On the educational and outreach front several graduate students and postdoctoral researchers will be trained in diverse analytical and computational techniques for the modeling of transport, optical and thermoelectric properties. They will work closely with experimental collaborators and have ample opportunities to visit them and experience an international collaboration effort. The training will help the students in any career path they may choose to take, whether it is in academia or industry. In addition, the PI will establish a website which incorporates tutorials on scientific visualization focused on spintronics and based on the open-source code Blender. An open repository of notes and base codes on spin-charge transport will be also developed.
NON-TECHNICAL SUMMARY
The field of spintronics is an emerging technology that exploits not only the electronic charge but also the intrinsic spin of the electron in solid-state devices. For both metals and semiconductors, this field has been a continuous source of intellectual challenges over the past two decades. This award supports theoretical and computational research and education to study how electrons are driven through certain materials by external fields, for example the electric field of a battery. The resulting transport property of the material reflects the way electrons move through it which may depend on how their spin, an intrinsic property of the electron, interacts with the material. The PI will study spin dependent transport properties, and electronic properties induced by thermal effects, in complex materials with the interesting property that the interaction of the spin with the material is strong. This is an exciting and intriguing frontier in the field of spintronics. The PI will focus on several research thrusts centered on fundamental physics questions that are motivated by either unexplained experimental phenomenology or new potentially transformative approaches such as the possibility of efficiently obtaining electrical currents from thermal effects (thermoelectricity) that originate from intriguing properties of the so-called "topological insulators", which conduct electricity only on their surfaces or boundaries, rather than their interior.
The proposed activities could potentially contribute to the development of new paradigms in thermoelectric efficiency and heat management in devices that are some one millionth size of the human hair. Such materials are of fundamental importance for energy usage efficiency as they could provide heat recovery energy systems that are more efficient than present day coolers and refrigerators.

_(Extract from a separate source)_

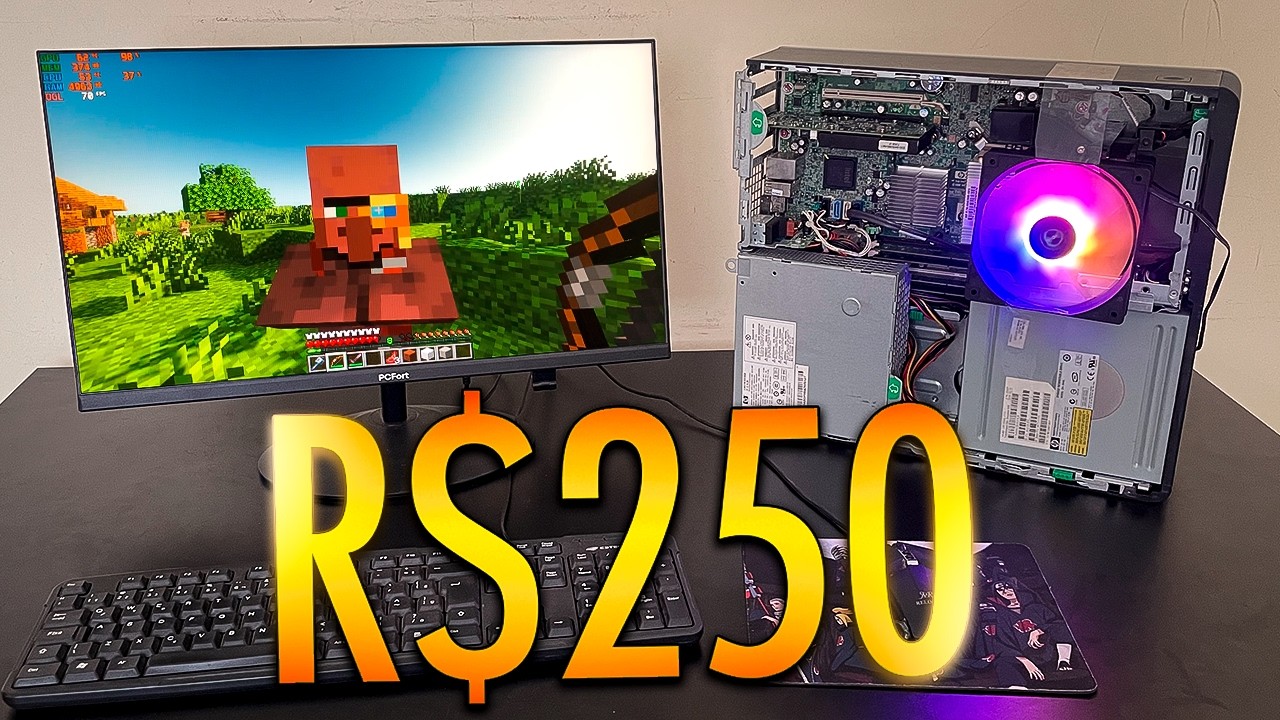MONTANDO MEU PC GAMER DE R$250 PRA JOGOS QUE RODA MINECRAFT, VALORANT, ROBLOX, GTA V E MAIS...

On the educational and outreach front several graduate students and postdoctoral researchers will be trained in diverse analytical and computational techniques for the modeling of transport, optical and thermoelectric properties. They will work closely with experimental collaborators and have ample opportunities to visit them and experience an international collaboration effort. The training will help the students in any career path they may choose to take, whether it is in academia or industry. In addition, the PI will establish a website which incorporates tutorials on scientific visualization focused on spintronics and based on an open-source code. An open repository of notes and base codes on spin-charge transport will be also developed.